I love any kind of fancy woodwork, so at a library sale I picked up an old hardback book titled “The English Gypsy Caravan.” It was full of photos and illustrations of the fancy wagons made in England and Ireland around 1900 for prosperous gypsies and circus showmen.
I also love old trucks, especially the 1937 Chevrolets. One night I had a dream in which I was driving an old Chevy flatbed truck with a gypsy wagon on the back. The next day I was looking at old cars on Craigslist and found the perfect truck, the same as in my dream.
I bought the truck, a 1.5 ton flatbed with no bed, and had it towed home. The original 216 straight six engine was barely running, the block was cracked, and it was too small to haul what I wanted to build on the back of the truck. So I pulled it out.
I found a 235 Chevy engine from a 1955 pickup on Craigslist. I rebuilt it and added electronic ignition and new manifolds for dual carburetors and exhaust. It more or less bolted into the 37 frame.
From an inch thick plate of aluminum I made an adaptor plate to graft a 1995 NV4500 Dodge transmission onto the back of the new engine. The new tranny had overdrive and I hoped it would get the old truck up to highway speeds.
I scanned a drawing of the truck profile from the 1937 manual and started drawing caravan shapes on the back. It became clear that a “cab over” design was the best way to achieve the proper scale and proportions, coming up with something reminiscent of a Dunton Reading style wagon made in 1919.
For the subfloor I used seven foot long 2x12s on 16 inch centers, with blocking over the frame rails. I had to go that deep to get over the giant 20 inch dual rear wheels. Each floor joist is bolted to the frame at two points with angle iron for a very solid connection.
I covered the subfloor with aluminum sheet to keep road splash and insects out of the future living space.
On top of the subfloor I built the finish floor, using 2×4 stringers running at 90 degrees to the subfloor joists. Solid foam insulation was put in the stringer bays.
Here I am using a giant compass with a circular saw bolted to the end, cutting curved rafters from a sheet of 3/4″ plywood.
Roof rafters were 24″ on center. Each was made up of two pieces of 3/4″ plywood glued together. Light but strong. My idea was to build the structure heavy in the floor and light in the walls and roof, to keep the center of gravity low.
Here are front and rear walls framed up, with rafters tacked on to set the roof height.
The wall right behind the truck cab is an important sheer structure that resists the tendency of campers to rack from side to side and rip themselves off the truck when you are going around corners.
Here the cab-over portion takes shape as half inch plywood sheathing goes on.

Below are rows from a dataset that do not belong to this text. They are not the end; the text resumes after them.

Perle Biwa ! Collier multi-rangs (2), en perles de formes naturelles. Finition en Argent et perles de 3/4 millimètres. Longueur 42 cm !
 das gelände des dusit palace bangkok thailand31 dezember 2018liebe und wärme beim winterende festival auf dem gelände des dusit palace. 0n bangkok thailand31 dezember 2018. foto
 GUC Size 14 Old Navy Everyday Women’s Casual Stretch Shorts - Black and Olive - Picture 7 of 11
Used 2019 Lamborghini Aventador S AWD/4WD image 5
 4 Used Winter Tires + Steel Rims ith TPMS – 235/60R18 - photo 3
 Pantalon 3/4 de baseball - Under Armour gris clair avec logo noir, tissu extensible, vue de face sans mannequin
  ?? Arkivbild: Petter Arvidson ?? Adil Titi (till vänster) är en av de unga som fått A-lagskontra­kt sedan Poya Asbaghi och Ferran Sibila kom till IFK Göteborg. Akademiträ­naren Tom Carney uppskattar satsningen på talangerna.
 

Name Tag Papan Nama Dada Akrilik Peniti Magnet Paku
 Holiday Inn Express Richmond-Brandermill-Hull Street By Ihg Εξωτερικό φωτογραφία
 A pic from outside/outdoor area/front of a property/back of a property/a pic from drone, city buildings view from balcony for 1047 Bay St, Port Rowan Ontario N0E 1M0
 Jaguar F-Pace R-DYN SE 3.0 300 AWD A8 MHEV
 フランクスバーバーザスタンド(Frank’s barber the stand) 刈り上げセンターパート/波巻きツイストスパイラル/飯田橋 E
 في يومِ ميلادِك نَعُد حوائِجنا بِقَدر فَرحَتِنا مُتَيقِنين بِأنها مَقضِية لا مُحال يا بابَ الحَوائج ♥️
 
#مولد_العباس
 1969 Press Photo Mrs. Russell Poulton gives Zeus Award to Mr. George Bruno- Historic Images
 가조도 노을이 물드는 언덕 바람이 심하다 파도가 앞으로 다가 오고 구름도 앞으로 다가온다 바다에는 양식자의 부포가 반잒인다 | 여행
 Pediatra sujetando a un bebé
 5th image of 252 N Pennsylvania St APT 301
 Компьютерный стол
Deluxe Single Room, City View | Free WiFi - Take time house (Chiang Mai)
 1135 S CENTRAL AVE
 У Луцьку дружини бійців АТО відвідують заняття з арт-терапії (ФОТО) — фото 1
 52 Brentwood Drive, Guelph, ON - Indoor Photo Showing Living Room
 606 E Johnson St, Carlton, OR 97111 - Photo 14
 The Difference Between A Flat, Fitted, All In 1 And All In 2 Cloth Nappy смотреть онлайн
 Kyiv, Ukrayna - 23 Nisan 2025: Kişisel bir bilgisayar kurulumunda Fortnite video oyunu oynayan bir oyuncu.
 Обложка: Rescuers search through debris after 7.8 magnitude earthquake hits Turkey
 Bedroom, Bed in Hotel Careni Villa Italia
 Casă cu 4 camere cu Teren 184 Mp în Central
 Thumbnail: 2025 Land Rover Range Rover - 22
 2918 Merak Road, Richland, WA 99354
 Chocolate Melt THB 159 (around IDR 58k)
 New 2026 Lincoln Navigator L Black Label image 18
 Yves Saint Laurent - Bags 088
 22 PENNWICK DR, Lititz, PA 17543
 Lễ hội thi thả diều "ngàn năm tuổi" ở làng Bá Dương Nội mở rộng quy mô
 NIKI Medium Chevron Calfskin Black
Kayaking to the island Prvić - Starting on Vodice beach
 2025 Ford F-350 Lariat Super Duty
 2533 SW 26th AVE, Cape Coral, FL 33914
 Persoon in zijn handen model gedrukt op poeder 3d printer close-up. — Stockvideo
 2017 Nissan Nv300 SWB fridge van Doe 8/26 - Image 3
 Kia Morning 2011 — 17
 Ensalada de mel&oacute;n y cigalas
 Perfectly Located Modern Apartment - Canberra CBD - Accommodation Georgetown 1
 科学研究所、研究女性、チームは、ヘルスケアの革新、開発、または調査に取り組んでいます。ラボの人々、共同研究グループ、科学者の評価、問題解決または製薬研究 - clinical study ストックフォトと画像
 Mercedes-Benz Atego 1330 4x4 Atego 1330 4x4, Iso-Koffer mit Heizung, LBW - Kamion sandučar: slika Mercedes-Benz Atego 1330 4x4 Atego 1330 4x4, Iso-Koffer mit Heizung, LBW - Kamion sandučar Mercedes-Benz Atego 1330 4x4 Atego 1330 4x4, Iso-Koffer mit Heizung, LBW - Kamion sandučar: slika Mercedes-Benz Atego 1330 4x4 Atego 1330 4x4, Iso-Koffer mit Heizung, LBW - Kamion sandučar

Half inch plywood sheathing was glued and screwed to the studs, then door and windows cut out. The roof deck is just quarter inch plywood, but the curve gives it enough rigidity to walk on without deflection. Against the sky you can see the start of the skylight structure, called a “molliecroft.” It’s low and curved down to join the roof at the front and rear so that you can drive underneath low branches without snagging.
Roof cracks were sealed with Fixall and the whole roof was covered with fiberglass, just like a boat. Siding is solid beaded hemlock from a local planing mill.
Here I’m gluing 2×8 basswood planks together to make a blank for one of the porch supports.
I drew a traditional acanthus leaf design full scale, pasted it to the basswood blank, and jigsawed out the rough shapes.
Then it was a matter of a lot of carving.
And more carving.
Sanding and painting and mounting on the drivers side of the porch. Now I have to start all over and make the passenger side porch support.
Making the stained glass window for the door.
The interior starts to take shape. Real double pane windows, more beaded paneling throughout, and dinette seats modeled after a Victorian fainting couch.
The stairs are hinged to the porch. They fold up and fasten over the door for traveling. Milliecroft windows are golden stained glass. The long horizontal trim and chamfered battens are purely decorative, as are the real but nonfunctional shutters on either side of the windows.
My wife Nancy inspects the door and the carriage lamps. When we have a place to plug in, there is plenty of electric light and power. But there is no house battery system, so otherwise it’s flashlights, propane lanterns, and candles.